Start of Block

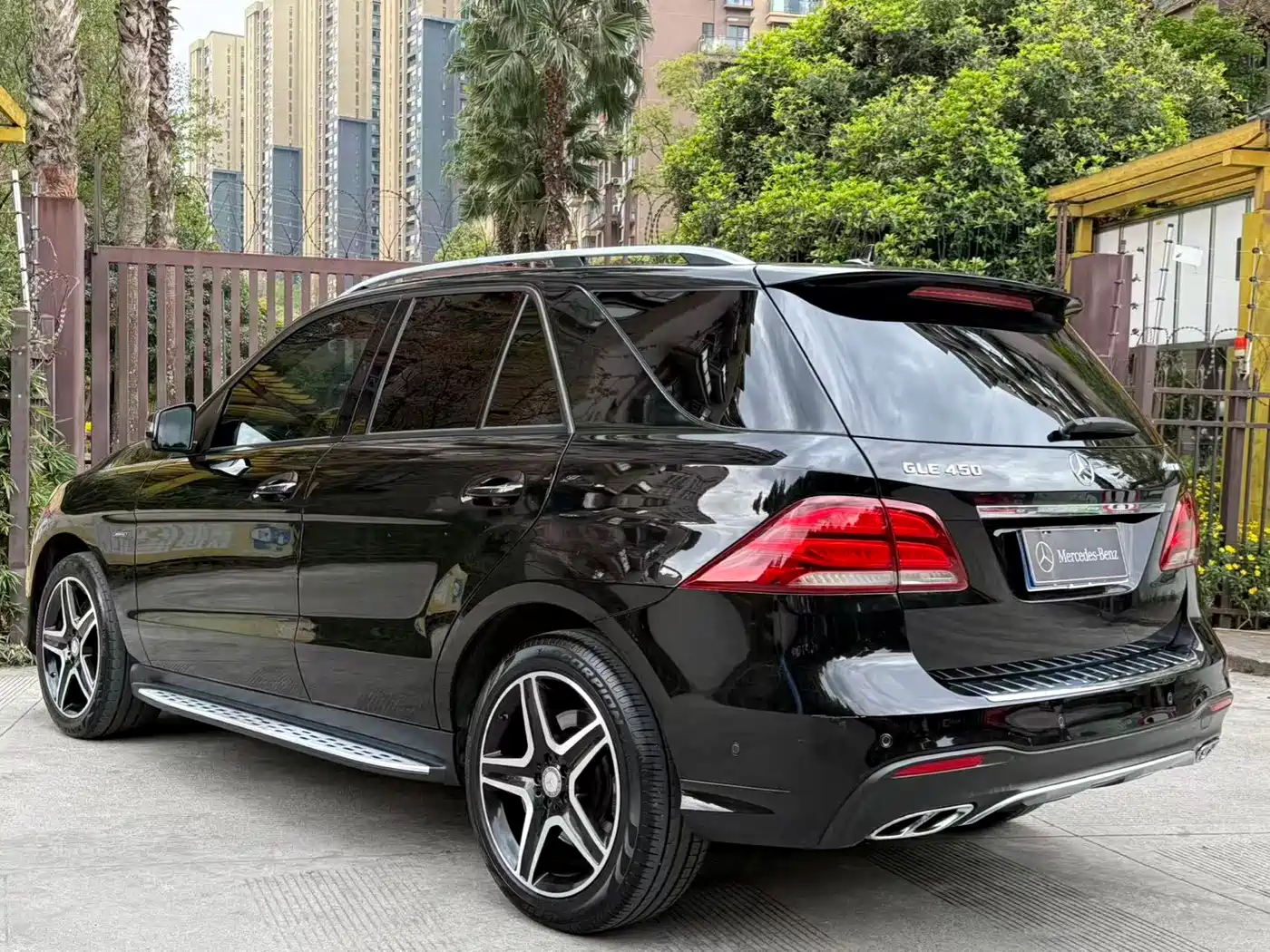 Mercedes-Benz GLE 2017 GLE 450 AMG 4MATIC фото 5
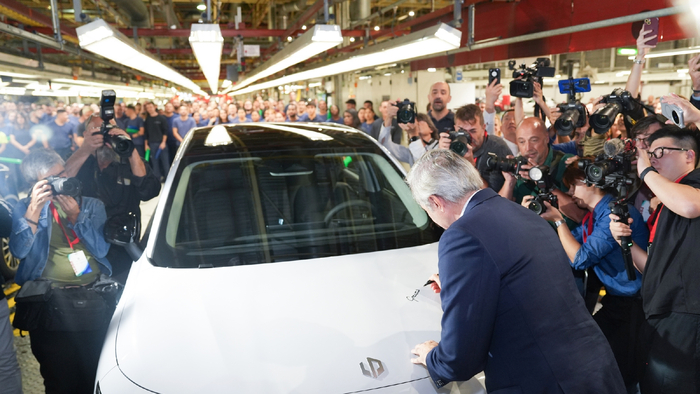 ����� Opel, �� 43 ���� ����������� 10 ��� �����������, ������ �������� ������������ ��� ����������� Leapmotor �������� Chery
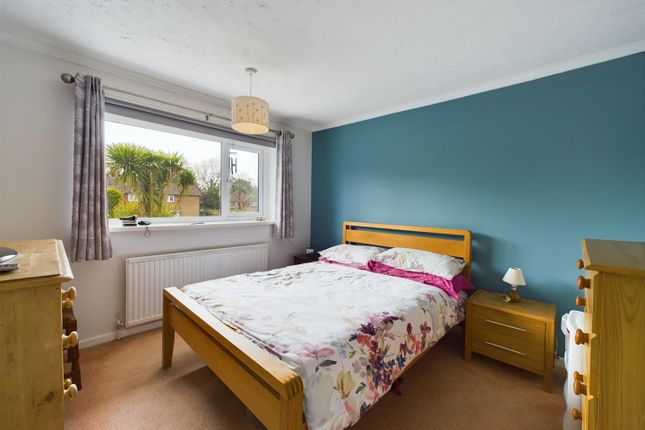 End terrace house for sale in Tangmere Road, Ifield, Crawley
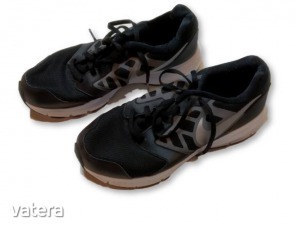 36-os fekete sportcipő - Nike << lejárt 1879120 79 fotója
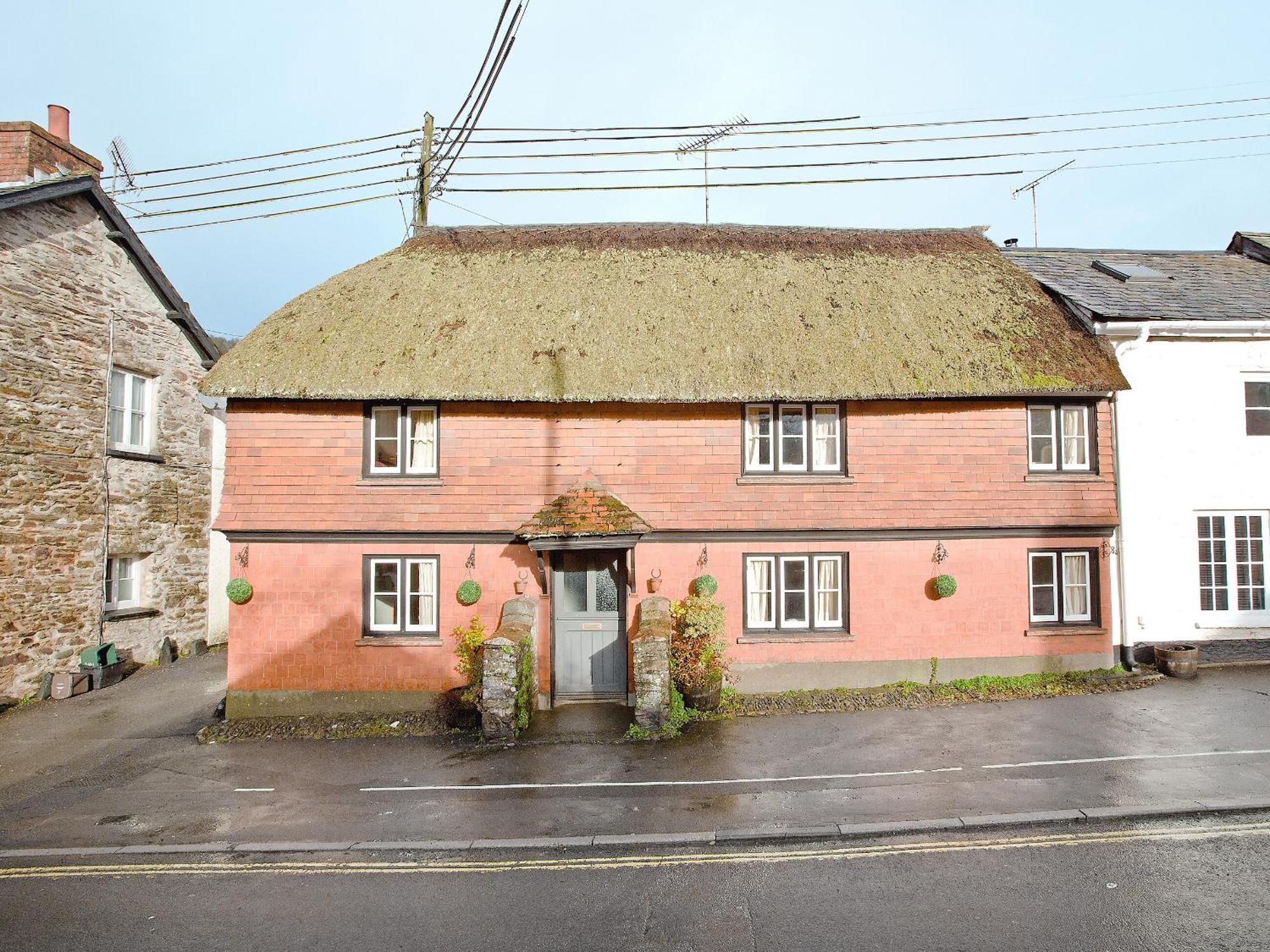 The Boot Villa Dulverton Exteriör bild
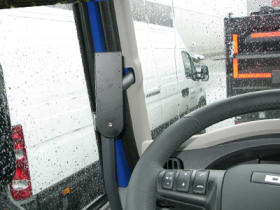Pipe Mount with mounting plate for Daf LF 14-24 (LHD)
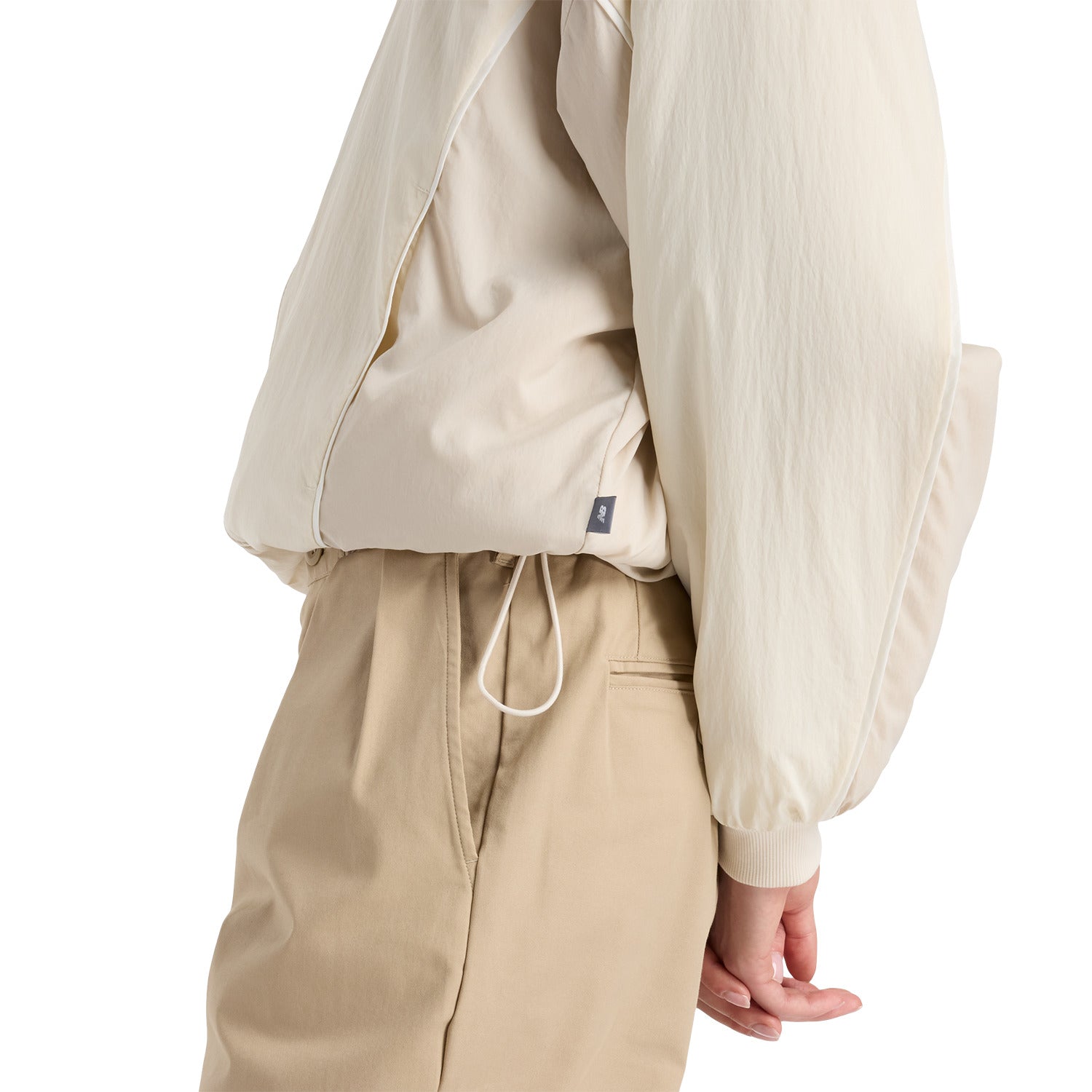 Jaqueta Feminina New Balance Bomber Reimagined Branca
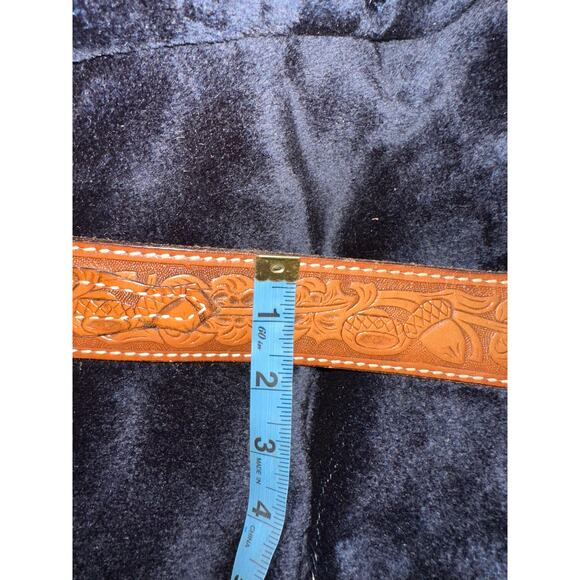 VINTAGE UNISEX WESTERN TOOLED LEATHER BELT W/ YELLOW NATIVE BEADED BUCKLE 30 main image 12
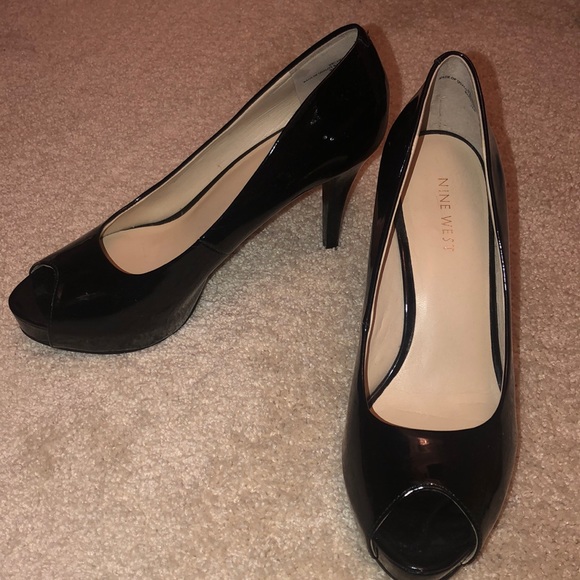 Black pumps - Picture 1 of 2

End of Block

● **REQUIREMENT**: Your answer should be a precise transcript of the entries, minus the pictures.

● **WRITTEN SOLUTION**:
 Mercedes-Benz GLE 2017 GLE 450 AMG 4MATIC фото 5
 ����� Opel, �� 43 ���� ����������� 10 ��� �����������, ������ �������� ������������ ��� ����������� Leapmotor �������� Chery
 End terrace house for sale in Tangmere Road, Ifield, Crawley
 36-os fekete sportcipő - Nike << lejárt 1879120 79 fotója
 The Boot Villa Dulverton Exteriör bild
Pipe Mount with mounting plate for Daf LF 14-24 (LHD)
 Jaqueta Feminina New Balance Bomber Reimagined Branca
 VINTAGE UNISEX WESTERN TOOLED LEATHER BELT W/ YELLOW NATIVE BEADED BUCKLE 30 main image 12
 Black pumps - Picture 1 of 2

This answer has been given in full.